▸ Work item
Word for word, reproduce the listing that follows, excluding any pictures it contains.

▸ Information shown

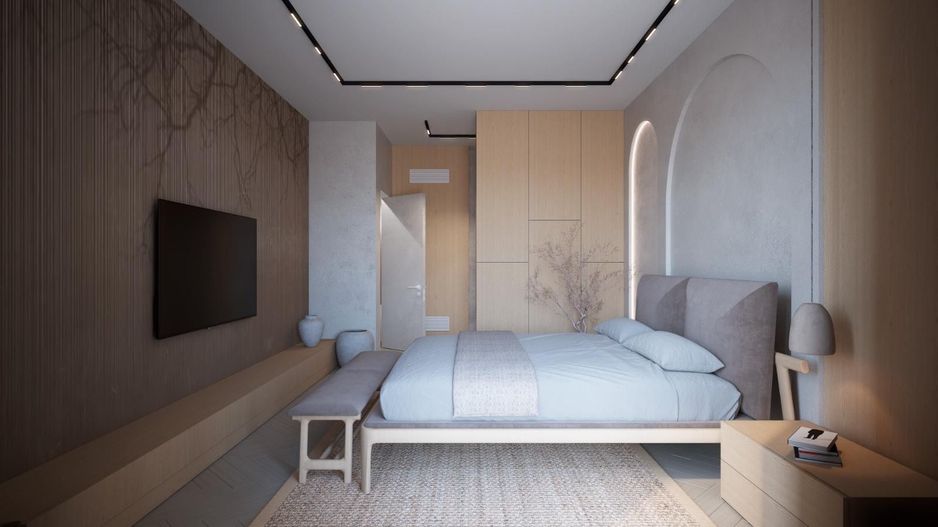 4 camere Nordului 198 mp terasa spatioasa si concept modern de amenajare - Poză 11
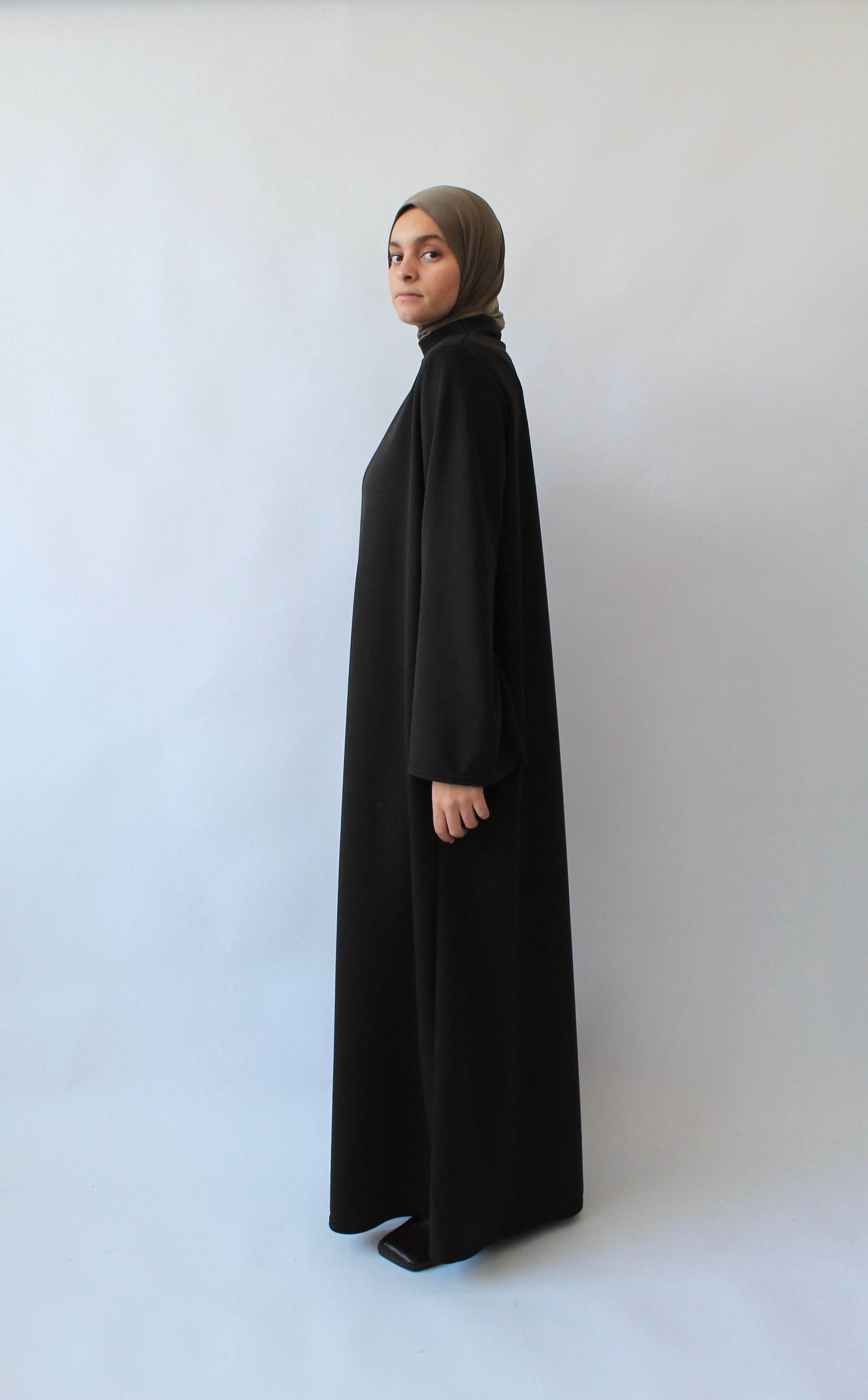 ROBE WINTER Marron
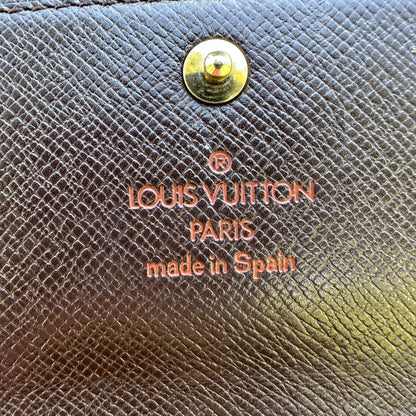 Louis Vuitton Sarah Wallet Damier Ebene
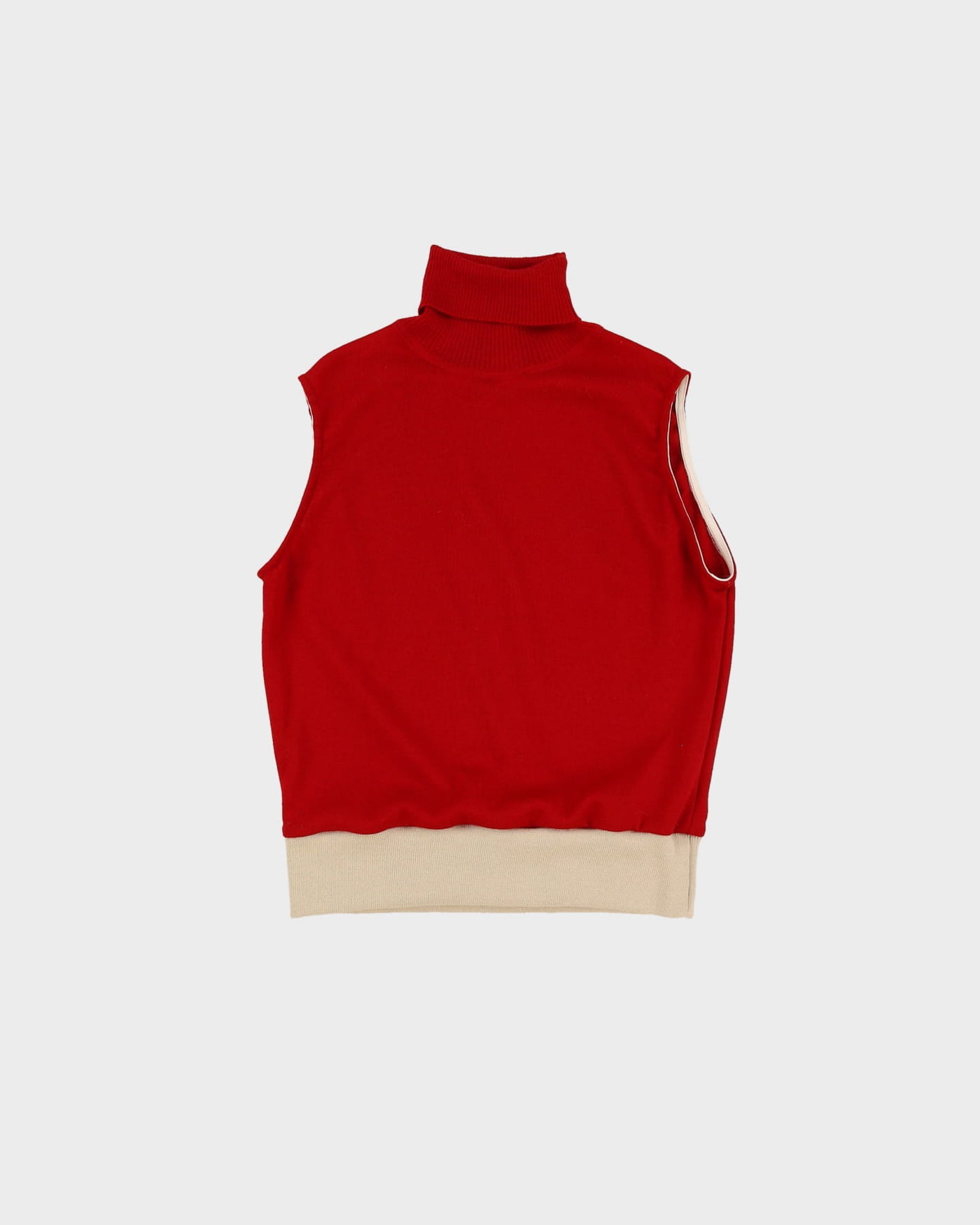 Rokit Originals Red Sweater Vest - S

▸ Problem solution
 4 camere Nordului 198 mp terasa spatioasa si concept modern de amenajare - Poză 11
 ROBE WINTER Marron
 Louis Vuitton Sarah Wallet Damier Ebene
 Rokit Originals Red Sweater Vest - S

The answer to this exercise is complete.